At this stage, we do not have a precise typology of the causes of these failures. We know that on some sites, PDFs are only accessible through a search engine. In other cases, the site in question is a "Single Page Application", that our scraper does not handle well.
The goal of the mission is twofold. On the one hand, recovering all PDFs available on the sites which will have been specified to you and, on the other hand, to provide us the code which you used to carry out this recovery. We will then integrate this code to our code base to scrap weekly the website.
Please see attached file for technical instructions.
You have to master Python, the Scrapy package and also Git.
Technical support will be provided if needed.
To evaluate your work, I will use two indicators. The first is the number of PDFs scraped before the mission. Of course, after the mission, this number must have significantly increased. We have not been able to manually count PDF files on each site, so we do not know what the exact target is.
It is important for you to understand that we want to scrap all PDFs of the indicated sites BUT we especially want a particular type of PDFs which are the administrative documents.
If we were not able to manually count PDF files on each site, we were able to count the administrative documents. So, we know the target. Of course, we wouldn't expect to see the exact same number after the mission. We just want to be in the same orders of magnitude.

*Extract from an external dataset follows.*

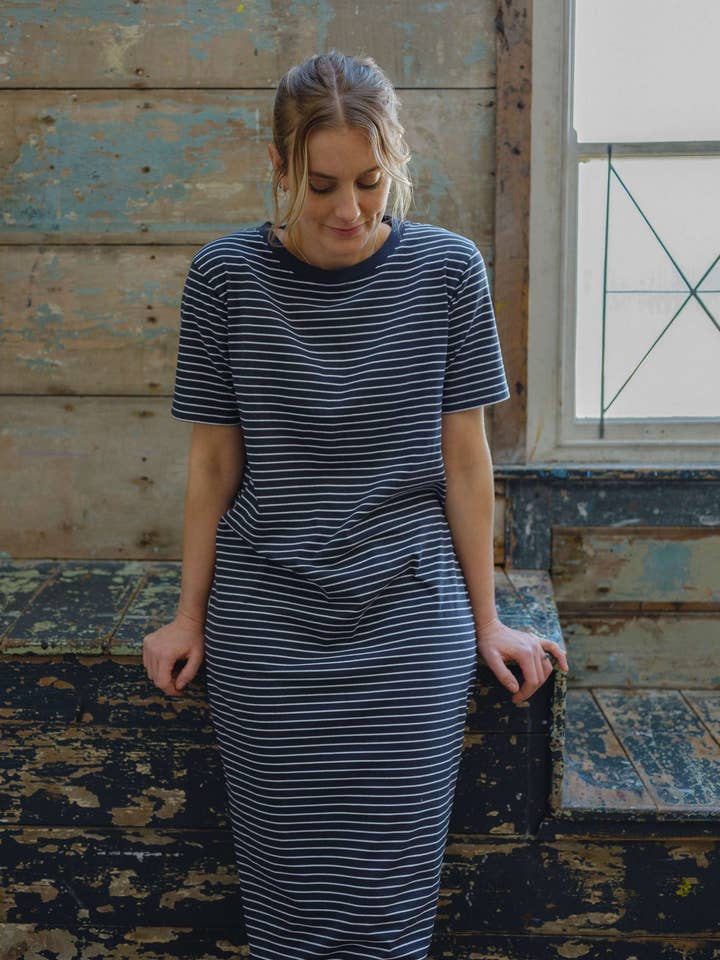 Elle Ekologisk Bomull Marinrandig Midiklänning för wholesale av Ivy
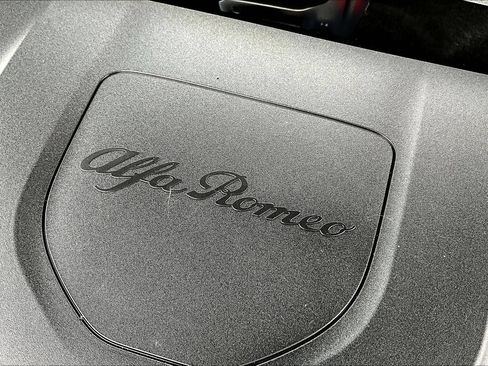 Used 2024 Alfa Romeo Tonale Veloce AWD/4WD image 28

Beyond these raw numbers, we will randomly select a few administrative documents URLs and make sure you've actually scraped them.
A very important thing to note is sometimes, administrative documents are stored on one or several subdomains. Of course, we want these documents. We will tell you which subdomains to explore if necessary.
Since we don't know the exact causes of problems, we don't know how long it will take you to fix them. This is why we want to hire you initially for a single working day. You must therefore offer a price corresponding to this single day. We will submit enough problematic URLs to fill your day. The number of cases that you will have treated will serve as a reference for us to renew the mission according to modalities yet to be specified.
In fact, we estimate the total number of sites to be corrected at several hundreds. If this mission is a success, it could therefore lead to many others for you. This should you lead to consider this day of work for us (and the cost of entry it represents) as an investment for the future (subject of course you want to renew this type of missions).
We hope that this mission will mark the beginning of a long and fruitful collaboration with us!